---------- Recorded information ----------

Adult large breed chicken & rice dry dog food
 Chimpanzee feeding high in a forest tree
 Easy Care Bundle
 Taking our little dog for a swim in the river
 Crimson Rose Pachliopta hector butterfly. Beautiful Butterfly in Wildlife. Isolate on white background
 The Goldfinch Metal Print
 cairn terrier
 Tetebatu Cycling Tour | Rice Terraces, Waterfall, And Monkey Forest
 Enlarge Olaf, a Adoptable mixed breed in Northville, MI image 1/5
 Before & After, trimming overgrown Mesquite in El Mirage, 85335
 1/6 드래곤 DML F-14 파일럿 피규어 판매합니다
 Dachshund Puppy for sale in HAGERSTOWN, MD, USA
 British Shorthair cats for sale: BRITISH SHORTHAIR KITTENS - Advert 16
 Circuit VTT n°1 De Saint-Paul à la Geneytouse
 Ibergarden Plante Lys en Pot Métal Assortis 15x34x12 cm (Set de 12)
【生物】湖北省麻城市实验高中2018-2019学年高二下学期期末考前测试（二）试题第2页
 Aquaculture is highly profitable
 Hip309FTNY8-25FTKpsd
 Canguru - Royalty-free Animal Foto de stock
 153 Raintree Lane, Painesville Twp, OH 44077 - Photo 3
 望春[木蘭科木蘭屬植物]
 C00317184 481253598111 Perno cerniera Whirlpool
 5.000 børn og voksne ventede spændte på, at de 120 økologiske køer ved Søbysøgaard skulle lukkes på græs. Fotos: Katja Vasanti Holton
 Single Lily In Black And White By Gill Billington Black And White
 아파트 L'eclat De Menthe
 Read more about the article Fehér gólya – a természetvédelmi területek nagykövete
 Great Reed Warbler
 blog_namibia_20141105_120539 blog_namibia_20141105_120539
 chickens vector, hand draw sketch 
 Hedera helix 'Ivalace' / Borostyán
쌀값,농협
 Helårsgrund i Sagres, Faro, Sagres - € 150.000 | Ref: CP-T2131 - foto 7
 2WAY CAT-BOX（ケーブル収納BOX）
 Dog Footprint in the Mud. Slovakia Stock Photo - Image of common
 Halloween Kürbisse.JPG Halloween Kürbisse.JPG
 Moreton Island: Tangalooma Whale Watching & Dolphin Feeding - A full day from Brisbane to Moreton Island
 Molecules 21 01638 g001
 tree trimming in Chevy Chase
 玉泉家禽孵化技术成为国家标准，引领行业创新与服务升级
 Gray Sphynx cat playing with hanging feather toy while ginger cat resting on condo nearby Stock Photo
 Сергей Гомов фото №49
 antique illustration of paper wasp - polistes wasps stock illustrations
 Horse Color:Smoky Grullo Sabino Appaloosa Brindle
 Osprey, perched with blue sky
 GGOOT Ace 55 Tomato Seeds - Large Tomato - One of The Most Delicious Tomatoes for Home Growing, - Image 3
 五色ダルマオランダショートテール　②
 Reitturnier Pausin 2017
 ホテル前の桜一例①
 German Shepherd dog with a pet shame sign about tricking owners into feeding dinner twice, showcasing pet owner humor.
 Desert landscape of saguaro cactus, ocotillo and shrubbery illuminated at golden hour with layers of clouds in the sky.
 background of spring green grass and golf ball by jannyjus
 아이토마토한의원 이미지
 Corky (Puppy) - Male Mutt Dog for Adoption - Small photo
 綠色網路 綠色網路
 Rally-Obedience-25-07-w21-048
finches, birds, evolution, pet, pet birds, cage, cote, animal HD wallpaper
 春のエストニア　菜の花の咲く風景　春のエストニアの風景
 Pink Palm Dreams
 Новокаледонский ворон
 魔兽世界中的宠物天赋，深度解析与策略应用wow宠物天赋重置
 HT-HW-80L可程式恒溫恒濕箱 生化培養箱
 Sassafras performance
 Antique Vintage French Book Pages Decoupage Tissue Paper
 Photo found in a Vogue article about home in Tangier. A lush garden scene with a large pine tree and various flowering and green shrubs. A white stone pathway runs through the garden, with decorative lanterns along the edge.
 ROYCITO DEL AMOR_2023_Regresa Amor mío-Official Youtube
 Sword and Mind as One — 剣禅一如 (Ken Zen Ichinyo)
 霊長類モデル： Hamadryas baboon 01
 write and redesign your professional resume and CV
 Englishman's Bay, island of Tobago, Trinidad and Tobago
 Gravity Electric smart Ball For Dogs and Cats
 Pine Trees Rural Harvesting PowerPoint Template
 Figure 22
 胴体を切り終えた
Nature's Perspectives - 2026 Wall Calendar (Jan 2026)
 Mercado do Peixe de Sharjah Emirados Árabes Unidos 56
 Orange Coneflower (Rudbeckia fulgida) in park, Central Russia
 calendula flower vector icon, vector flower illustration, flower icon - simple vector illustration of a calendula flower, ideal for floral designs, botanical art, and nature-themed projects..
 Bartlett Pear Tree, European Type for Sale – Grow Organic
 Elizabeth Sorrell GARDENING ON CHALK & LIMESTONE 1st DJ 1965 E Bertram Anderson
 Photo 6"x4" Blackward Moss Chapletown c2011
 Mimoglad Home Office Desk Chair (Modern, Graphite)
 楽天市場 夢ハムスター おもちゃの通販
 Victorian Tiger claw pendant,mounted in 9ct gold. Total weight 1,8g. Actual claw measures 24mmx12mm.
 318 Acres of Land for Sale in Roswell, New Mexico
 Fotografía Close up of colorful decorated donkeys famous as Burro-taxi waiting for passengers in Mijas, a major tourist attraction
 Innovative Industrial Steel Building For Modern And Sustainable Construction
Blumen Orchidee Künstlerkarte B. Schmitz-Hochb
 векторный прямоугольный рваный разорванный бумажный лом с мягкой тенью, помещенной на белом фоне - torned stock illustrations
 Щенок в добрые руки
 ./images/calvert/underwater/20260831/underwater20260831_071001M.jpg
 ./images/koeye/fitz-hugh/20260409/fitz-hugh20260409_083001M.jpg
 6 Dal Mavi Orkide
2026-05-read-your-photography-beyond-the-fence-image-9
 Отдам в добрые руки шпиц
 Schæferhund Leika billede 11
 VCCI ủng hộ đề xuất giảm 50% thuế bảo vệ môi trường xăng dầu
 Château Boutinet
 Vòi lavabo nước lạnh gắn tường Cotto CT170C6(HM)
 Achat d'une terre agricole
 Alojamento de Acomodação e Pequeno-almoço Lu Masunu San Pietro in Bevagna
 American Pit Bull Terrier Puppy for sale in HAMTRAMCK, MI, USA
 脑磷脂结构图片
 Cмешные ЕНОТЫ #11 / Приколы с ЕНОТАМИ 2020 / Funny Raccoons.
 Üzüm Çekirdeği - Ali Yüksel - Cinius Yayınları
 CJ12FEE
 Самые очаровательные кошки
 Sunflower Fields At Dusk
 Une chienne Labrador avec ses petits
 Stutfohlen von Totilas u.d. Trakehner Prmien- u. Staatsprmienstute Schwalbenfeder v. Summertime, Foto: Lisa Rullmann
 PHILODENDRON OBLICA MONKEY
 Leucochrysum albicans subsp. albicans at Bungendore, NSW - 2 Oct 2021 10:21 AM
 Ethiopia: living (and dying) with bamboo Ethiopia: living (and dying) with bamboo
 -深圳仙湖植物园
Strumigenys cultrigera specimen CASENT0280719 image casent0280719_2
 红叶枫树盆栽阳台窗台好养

----------

The problem
Write the listing out again, exactly as shown above.

Result for this task
Adult large breed chicken & rice dry dog food
 Chimpanzee feeding high in a forest tree
 Easy Care Bundle
 Taking our little dog for a swim in the river
 Crimson Rose Pachliopta hector butterfly. Beautiful Butterfly in Wildlife. Isolate on white background
 The Goldfinch Metal Print
 cairn terrier
 Tetebatu Cycling Tour | Rice Terraces, Waterfall, And Monkey Forest
 Enlarge Olaf, a Adoptable mixed breed in Northville, MI image 1/5
 Before & After, trimming overgrown Mesquite in El Mirage, 85335
 1/6 드래곤 DML F-14 파일럿 피규어 판매합니다
 Dachshund Puppy for sale in HAGERSTOWN, MD, USA
 British Shorthair cats for sale: BRITISH SHORTHAIR KITTENS - Advert 16
 Circuit VTT n°1 De Saint-Paul à la Geneytouse
 Ibergarden Plante Lys en Pot Métal Assortis 15x34x12 cm (Set de 12)
【生物】湖北省麻城市实验高中2018-2019学年高二下学期期末考前测试（二）试题第2页
 Aquaculture is highly profitable
 Hip309FTNY8-25FTKpsd
 Canguru - Royalty-free Animal Foto de stock
 153 Raintree Lane, Painesville Twp, OH 44077 - Photo 3
 望春[木蘭科木蘭屬植物]
 C00317184 481253598111 Perno cerniera Whirlpool
 5.000 børn og voksne ventede spændte på, at de 120 økologiske køer ved Søbysøgaard skulle lukkes på græs. Fotos: Katja Vasanti Holton
 Single Lily In Black And White By Gill Billington Black And White
 아파트 L'eclat De Menthe
 Read more about the article Fehér gólya – a természetvédelmi területek nagykövete
 Great Reed Warbler
 blog_namibia_20141105_120539 blog_namibia_20141105_120539
 chickens vector, hand draw sketch 
 Hedera helix 'Ivalace' / Borostyán
쌀값,농협
 Helårsgrund i Sagres, Faro, Sagres - € 150.000 | Ref: CP-T2131 - foto 7
 2WAY CAT-BOX（ケーブル収納BOX）
 Dog Footprint in the Mud. Slovakia Stock Photo - Image of common
 Halloween Kürbisse.JPG Halloween Kürbisse.JPG
 Moreton Island: Tangalooma Whale Watching & Dolphin Feeding - A full day from Brisbane to Moreton Island
 Molecules 21 01638 g001
 tree trimming in Chevy Chase
 玉泉家禽孵化技术成为国家标准，引领行业创新与服务升级
 Gray Sphynx cat playing with hanging feather toy while ginger cat resting on condo nearby Stock Photo
 Сергей Гомов фото №49
 antique illustration of paper wasp - polistes wasps stock illustrations
 Horse Color:Smoky Grullo Sabino Appaloosa Brindle
 Osprey, perched with blue sky
 GGOOT Ace 55 Tomato Seeds - Large Tomato - One of The Most Delicious Tomatoes for Home Growing, - Image 3
 五色ダルマオランダショートテール　②
 Reitturnier Pausin 2017
 ホテル前の桜一例①
 German Shepherd dog with a pet shame sign about tricking owners into feeding dinner twice, showcasing pet owner humor.
 Desert landscape of saguaro cactus, ocotillo and shrubbery illuminated at golden hour with layers of clouds in the sky.
 background of spring green grass and golf ball by jannyjus
 아이토마토한의원 이미지
 Corky (Puppy) - Male Mutt Dog for Adoption - Small photo
 綠色網路 綠色網路
 Rally-Obedience-25-07-w21-048
finches, birds, evolution, pet, pet birds, cage, cote, animal HD wallpaper
 春のエストニア　菜の花の咲く風景　春のエストニアの風景
 Pink Palm Dreams
 Новокаледонский ворон
 魔兽世界中的宠物天赋，深度解析与策略应用wow宠物天赋重置
 HT-HW-80L可程式恒溫恒濕箱 生化培養箱
 Sassafras performance
 Antique Vintage French Book Pages Decoupage Tissue Paper
 Photo found in a Vogue article about home in Tangier. A lush garden scene with a large pine tree and various flowering and green shrubs. A white stone pathway runs through the garden, with decorative lanterns along the edge.
 ROYCITO DEL AMOR_2023_Regresa Amor mío-Official Youtube
 Sword and Mind as One — 剣禅一如 (Ken Zen Ichinyo)
 霊長類モデル： Hamadryas baboon 01
 write and redesign your professional resume and CV
 Englishman's Bay, island of Tobago, Trinidad and Tobago
 Gravity Electric smart Ball For Dogs and Cats
 Pine Trees Rural Harvesting PowerPoint Template
 Figure 22
 胴体を切り終えた
Nature's Perspectives - 2026 Wall Calendar (Jan 2026)
 Mercado do Peixe de Sharjah Emirados Árabes Unidos 56
 Orange Coneflower (Rudbeckia fulgida) in park, Central Russia
 calendula flower vector icon, vector flower illustration, flower icon - simple vector illustration of a calendula flower, ideal for floral designs, botanical art, and nature-themed projects..
 Bartlett Pear Tree, European Type for Sale – Grow Organic
 Elizabeth Sorrell GARDENING ON CHALK & LIMESTONE 1st DJ 1965 E Bertram Anderson
 Photo 6"x4" Blackward Moss Chapletown c2011
 Mimoglad Home Office Desk Chair (Modern, Graphite)
 楽天市場 夢ハムスター おもちゃの通販
 Victorian Tiger claw pendant,mounted in 9ct gold. Total weight 1,8g. Actual claw measures 24mmx12mm.
 318 Acres of Land for Sale in Roswell, New Mexico
 Fotografía Close up of colorful decorated donkeys famous as Burro-taxi waiting for passengers in Mijas, a major tourist attraction
 Innovative Industrial Steel Building For Modern And Sustainable Construction
Blumen Orchidee Künstlerkarte B. Schmitz-Hochb
 векторный прямоугольный рваный разорванный бумажный лом с мягкой тенью, помещенной на белом фоне - torned stock illustrations
 Щенок в добрые руки
 ./images/calvert/underwater/20260831/underwater20260831_071001M.jpg
 ./images/koeye/fitz-hugh/20260409/fitz-hugh20260409_083001M.jpg
 6 Dal Mavi Orkide
2026-05-read-your-photography-beyond-the-fence-image-9
 Отдам в добрые руки шпиц
 Schæferhund Leika billede 11
 VCCI ủng hộ đề xuất giảm 50% thuế bảo vệ môi trường xăng dầu
 Château Boutinet
 Vòi lavabo nước lạnh gắn tường Cotto CT170C6(HM)
 Achat d'une terre agricole
 Alojamento de Acomodação e Pequeno-almoço Lu Masunu San Pietro in Bevagna
 American Pit Bull Terrier Puppy for sale in HAMTRAMCK, MI, USA
 脑磷脂结构图片
 Cмешные ЕНОТЫ #11 / Приколы с ЕНОТАМИ 2020 / Funny Raccoons.
 Üzüm Çekirdeği - Ali Yüksel - Cinius Yayınları
 CJ12FEE
 Самые очаровательные кошки
 Sunflower Fields At Dusk
 Une chienne Labrador avec ses petits
 Stutfohlen von Totilas u.d. Trakehner Prmien- u. Staatsprmienstute Schwalbenfeder v. Summertime, Foto: Lisa Rullmann
 PHILODENDRON OBLICA MONKEY
 Leucochrysum albicans subsp. albicans at Bungendore, NSW - 2 Oct 2021 10:21 AM
 Ethiopia: living (and dying) with bamboo Ethiopia: living (and dying) with bamboo
 -深圳仙湖植物园
Strumigenys cultrigera specimen CASENT0280719 image casent0280719_2
 红叶枫树盆栽阳台窗台好养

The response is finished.